На дедушке-солдате была старая мятая ушанка со звёздочкой, прожжённый ватник без погон, широченные штаны с заплатками на коленках, огромные ботинки на заклёпках да обмотки, в которых ноги казались кривыми и тонкими.
Тимоша любил эту фотографию. Недаром она висела над его кроватью. Засыпая, он подолгу смотрел на своего дедушку и был уверен, что солдат на фотографии видит и слышит всё, что происходит в доме, и даже знает, о чём Тимоша думает и мечтает.
А когда на фотографию падали солнечные лучи, мальчику казалось, что солдат улыбается ему и даже подмигивает: «Не горюй!» И странное дело: рядом с этой выцветшей фотографией тускнели самые яркие картинки и открытки…
Нет, не то чтобы они вправду блёкли. Просто если они случайно попадали на стенку, где висел дедушкин портрет, то сразу как-то терялись: на них никто не обращал внимания и потом даже не мог вспомнить, что там было изображено.
Даже Маленького принца, так замечательно нарисованного писателем Сент-Экзюпери, пришлось перевесить подальше. Рядом с фотографией он был чем-то вроде рисунка на обоях… А вот фотографию Тимоша никогда не дал бы убрать. Рядом с нею ему было спокойно и даже болеть было легче…
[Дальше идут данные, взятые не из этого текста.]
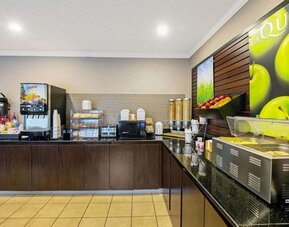 Breakfast area at La Quinta Inn & Suites By Wyndham Harrisburg Airport Hershey.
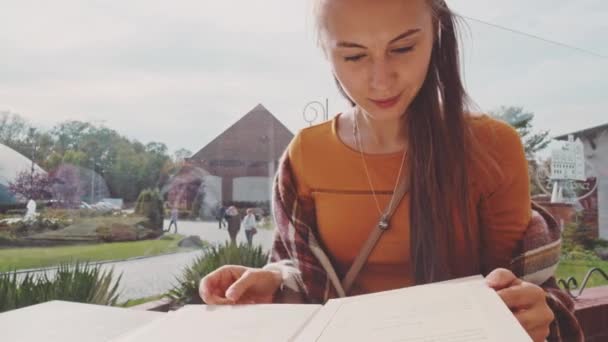 Femme regardant à travers le menu — Video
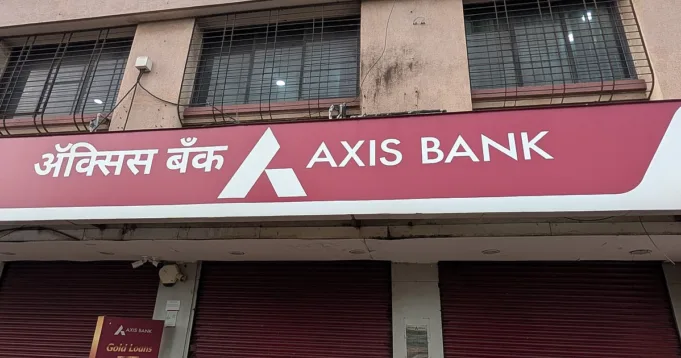 Axis Bank: Apa yang membuat para pemberi pinjaman swasta terbesar ketiga di India, dan apakah ada lapisan perak?
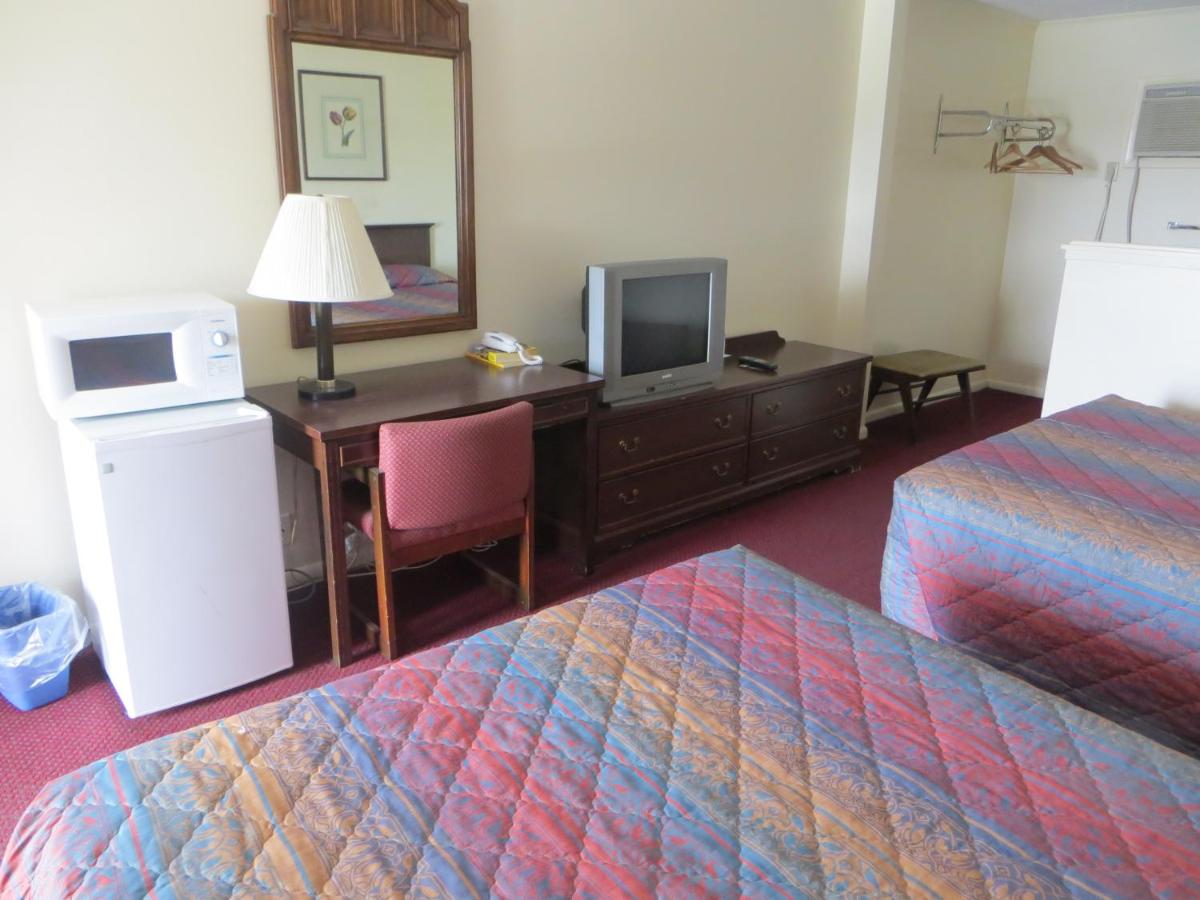 Traveler's Hotel — photo 9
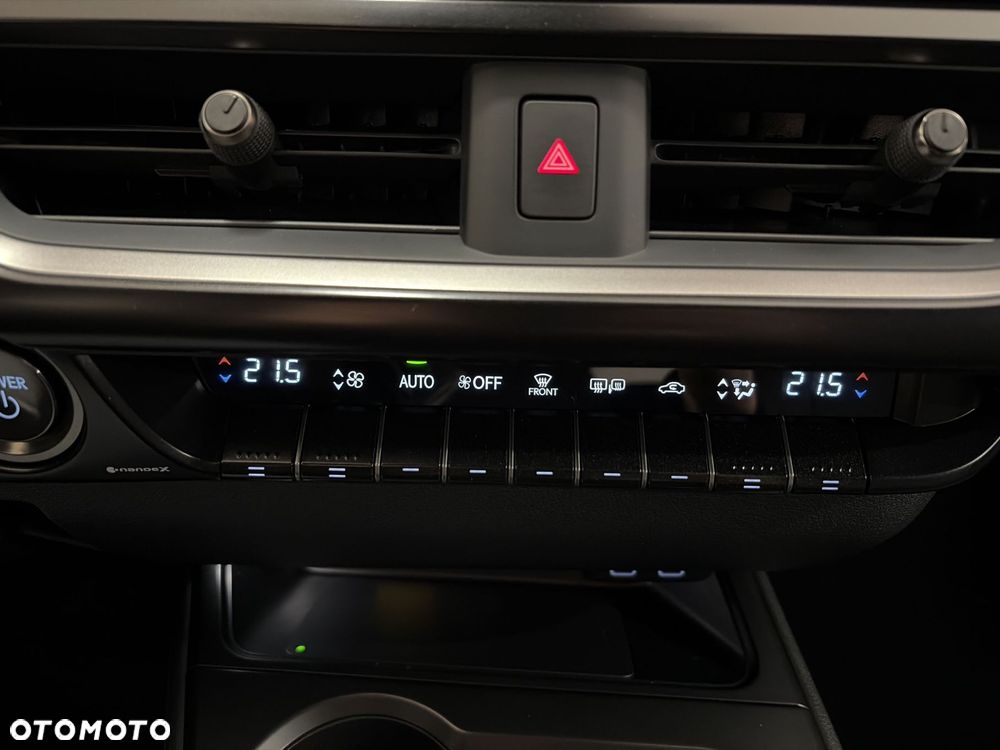 Lexus UX 300h F Sport Design - 17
Правда, мальчику было немножко обидно, что у солдата нет ни боевых орденов, ни автомата и на боку не револьвер, не сабля, а толстая тяжёлая санитарная сумка.
Глава вторая. Утро туманное
В то утро всё было как всегда. Тимоша ещё сквозь сон услышал, как переругиваются шёпотом старый Сурок и Будильник.
– Опять выключать! Не дамся! Не позволю! – бренчал всеми своими шестерёнками Будильник, бегая по комнате.
– Не убегай! Не убегай! – задыхался Иван Карлыч.– Остановись!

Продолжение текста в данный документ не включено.